La maladie d’Alzheimer et autres démences

La démence peut être définie comme une détérioration de la mémoire et des autres fonctions cognitives due à une atteinte du système nerveux central, d’une sévérité suffisante pour compromettre l’autonomie du malade dans sa vie sociale ou professionnelle. La démence n’est pas une maladie, elle est le symptôme d’un processus pathologique.

Il existe différents types de démence entraînant des troubles cognitifs d’apparition insidieuse et d’évolution progressive sur plusieurs années. Chacune d’entre elles se définit par une sémiologie neurologique et neuropsychologique particulière. La nature et la chronologie des troubles déterminent un trajet lésionnel spécifique traduisant l’atteinte de divers réseaux neuronaux. La plainte du patient ne permet pas à elle seule, de définir la nature des troubles inauguraux. Seul un examen neuropsychologique bien mené permet d’identifier des signes cognitifs spécifiques donnant lieu à un profil neuropsychologique singulier.

Ainsi,  l’évaluation neuropsychologique a pour but de mettre en évidence des troubles cognitifs et comportementaux permettant de définir un pattern neuropsychologique spécifique qui contribue fortement au diagnostic d’une pathologie. Dans le cadre des démences dégénératives, l’examen neuropsychologique a plusieurs fonctions tout au long des différentes étapes du suivi de ces patients. Il doit être centré avant tout sur le malade et sur les bénéfices qu’il en attend afin qu’il devienne un partenaire actif dans la perspective d’une prise en charge au long cours, qu’elle soit stimulatrice, psychothérapique ou chimiothérapique.

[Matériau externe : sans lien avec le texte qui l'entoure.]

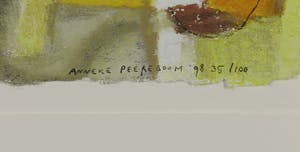 Anneke Peereboom - Zeefdruk, Luca del giorno - Ingelijst kopen? Bied vanaf 1!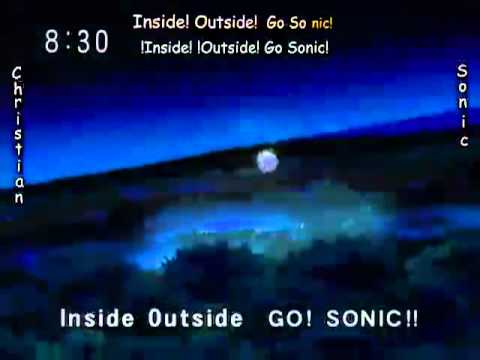 Sonic X Opening Japanse Sub English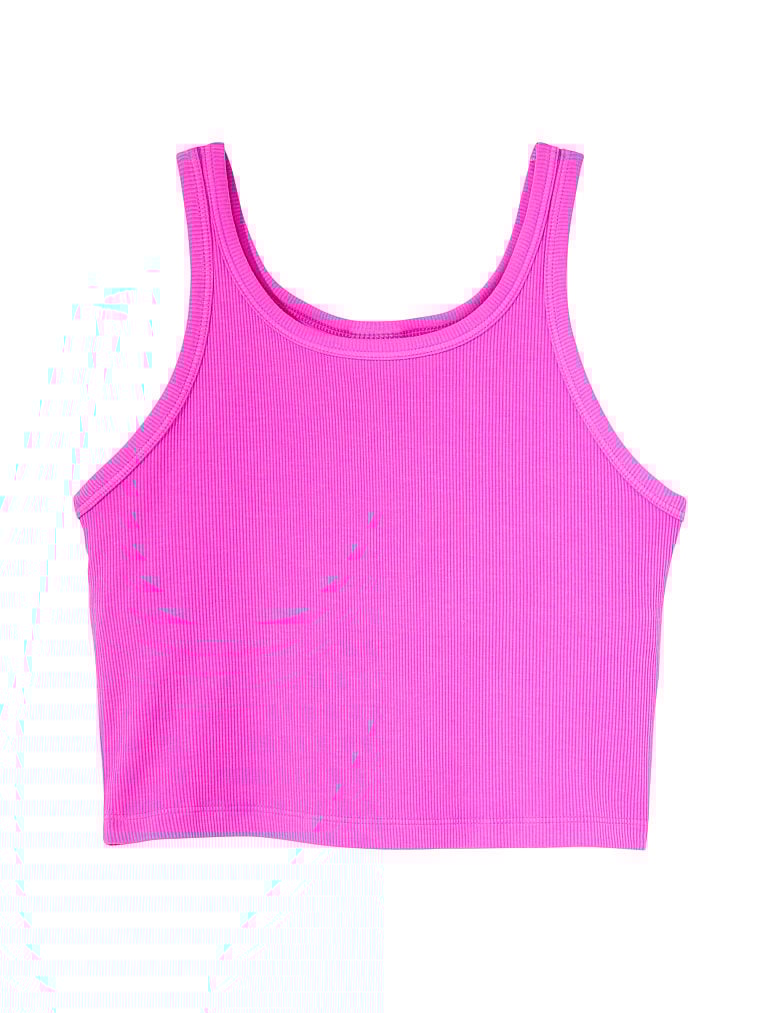Crop-Top-Sin-Mangas-de-Tela-Acanalada-Victorias-Secret-Pink-11201028-60GS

Les différents types de démences sont :
– La démence de type Alzheimer (DTA) – détaillée ci dessous
– La démence lobaire fronto-temporale (DLFT)
– La démence à corps de Lewy (DCL)
– Les démences vasculaires (DV)

  • Démence de type Alzheimer (DTA)

Critères du DSM-IV pour le diagnostic :
– Développement de déficits cognitifs multiples impliquant simultanément un trouble de la mémoire et un autre déficit cognitif manifeste (aphasie, apraxie, agnosie ou troubles des fonctions exécutives).
– L’évolution est caractérisée par un déclin fonctionnel cognitif continu et graduel.
– Les déficits cognitifs entraînent des troubles significatifs dans la vie sociale et professionnelle et représentent une chute importante du niveau de fonctionnement préalablement maîtrisé.
– D’autres causes spécifiques provoquant une démence ont été éliminées.
– Les déficits ne doivent pas se manifester dans le cadre d’un syndrome confusionnel.
– Les déficits ne doivent pas être mieux expliqués par un trouble psychiatrique.

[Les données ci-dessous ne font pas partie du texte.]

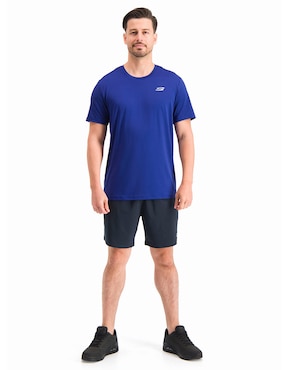 Playera deportiva para entrenamiento Skechers de hombre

La DTA est donc caractérisée par une démence progressive. Schématiquement, trois stades peuvent être distingués dans l’évolution de la maladie. Au premier stade, prédominent les troubles de la mémoire. Au cours du second stade, apparaissent nettement les conséquences du déclin intellectuel sur la vie de tous les jours, le malade devenant de moins en moins capable d’une vie indépendante. Le troisième stade voit s’installer la dépendance complète. Cette brève évocation d’un tableau « typique » ne doit pas cacher la diversité de la maladie et un grand nombre de manifestations cliniques différentes qu’elle revêt.
Les troubles cognitifs sont nombreux et peuvent concerner : l’attention et les fonctions exécutives, le langage, la mémoire, la sphère visuo-spatiale…
L’évaluation neuropsychologique va permettre, à l’aide de tests, de mettre en évidence certains de ces troubles cognitifs et notamment une fragilité de la mémoire épisodique. Le diagnostic probable va pouvoir être posé en association avec la réalisation d’un examen d’imagerie cérébrale (IRM) et/ou biologique (prise de sang, ponction lombaire). Par ailleurs, le bilan neuropsychologie est important tout au long de l’évolution de la maladie afin d’évaluer l’efficacité d’un traitement (médicamenteux ou rééducatif) et d’aider à faire face, étape par étape, au handicap du patient.